Postal Updates

Survey result: Americans still love the U.S. Postal Service

Mar 16, 2015, 5 AM

They may be mailing fewer letters, but the American public still loves the United States Postal Service.

That’s one of the major conclusions of a new survey the Postal Service’s inspector general conducted that asked:

“What postal services do people value the most?”

The answers, not always what postal management or postal unions would like to hear, show that the public treasures something management would like to change, and is willing to pay a higher price for some things.

But the report makes clear there is a limit to how much the public is willing to spend for mail services.

Here are what the survey calls the eight major findings:

1. The public puts “a high value on maintaining delivery to the door and/or curb” rather than the cluster boxes and parcel lockers some cost-cutters have pushed.

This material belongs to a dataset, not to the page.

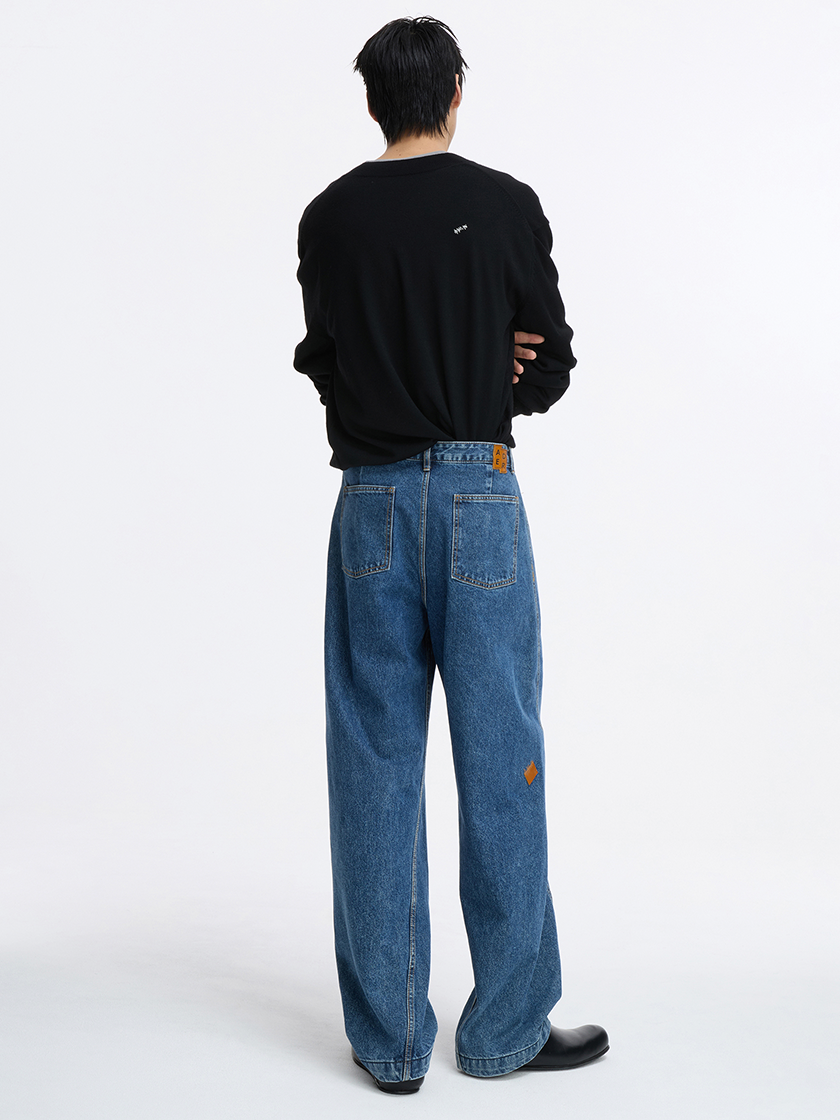 Twisted Seam Relaxed Denim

2. Both businesses and individuals value “human interaction” with postal clerks rather than workers in “non-postal retail stores and self-service kiosks.” But customers might be agreeable to more limited counter service.

3. Those surveyed were “indifferent” to Saturday mail deliveries, but said they still would like parcels delivered on Saturdays.

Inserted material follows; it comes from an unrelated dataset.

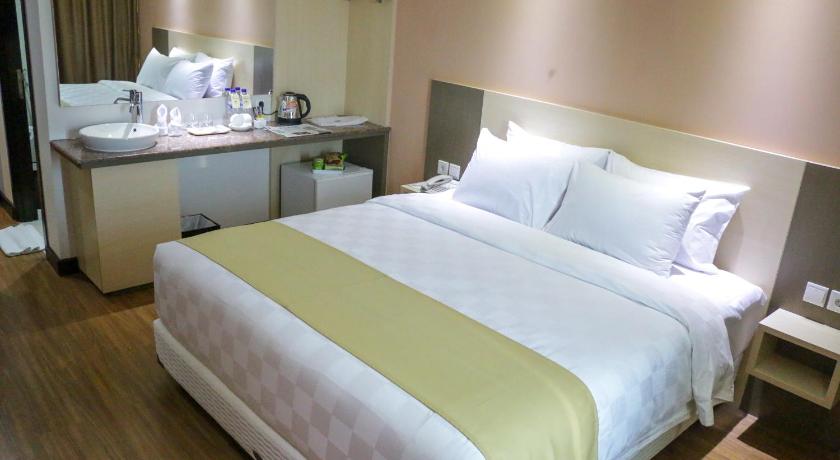 マカッサル Dalton Hotel Makassar 3つ星 ホテル 眺望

4. Both individuals and businesses “value lower prices” and might be willing to accept lower levels of service to keep prices down.

5. “The vast majority” favor the USPS being obligated to serve mail to every address in the country.

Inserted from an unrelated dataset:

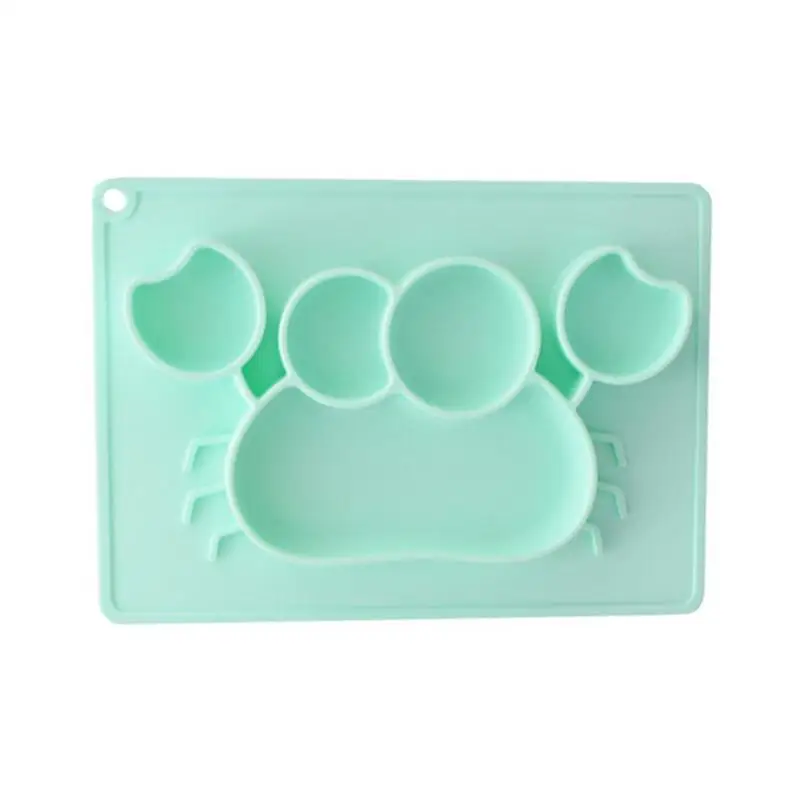 Baby Feeding Mat Toddlers Silicone Placemat Dishwasher Microwave Oven Safe Fits Most High Chair Trays Tableware - Цвет: B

6. The majority also favor a uniform first-class mail rate, calling it “very important.”

7. Businesses and individuals alike agree there is “a strong need for postal services.”

8. There was “not much acceptance” of the idea that the USPS should consider “digital services to deliver the mail,” such as allowing the USPS to scan mail and then e-mail the mail to a customer.

At first blush, the survey seems to show little public interest in cluster boxes, which were strongly backed as a major cost-saving innovation by Rep. Darrell Issa, R-Calif., who headed the House Oversight Committee last year.

It also shows that few of the stamp-selling techniques pushed by former Postmaster General Patrick Donahoe have strong public support.

Donahoe wanted to push more stamp sales into grocery and retail stores because it is so much cheaper than paying postal clerks to sell stamps — but the public likes postal clerks.

The study, published Feb. 23, represented the first time the USPS has looked at what types of trade-offs the American public might be willing to accept for changing levels of service, and which changes in postal services they might be willing to support.

In the old days, with a strong mail monopoly, there were some questions that the Postal Service never bothered to ask.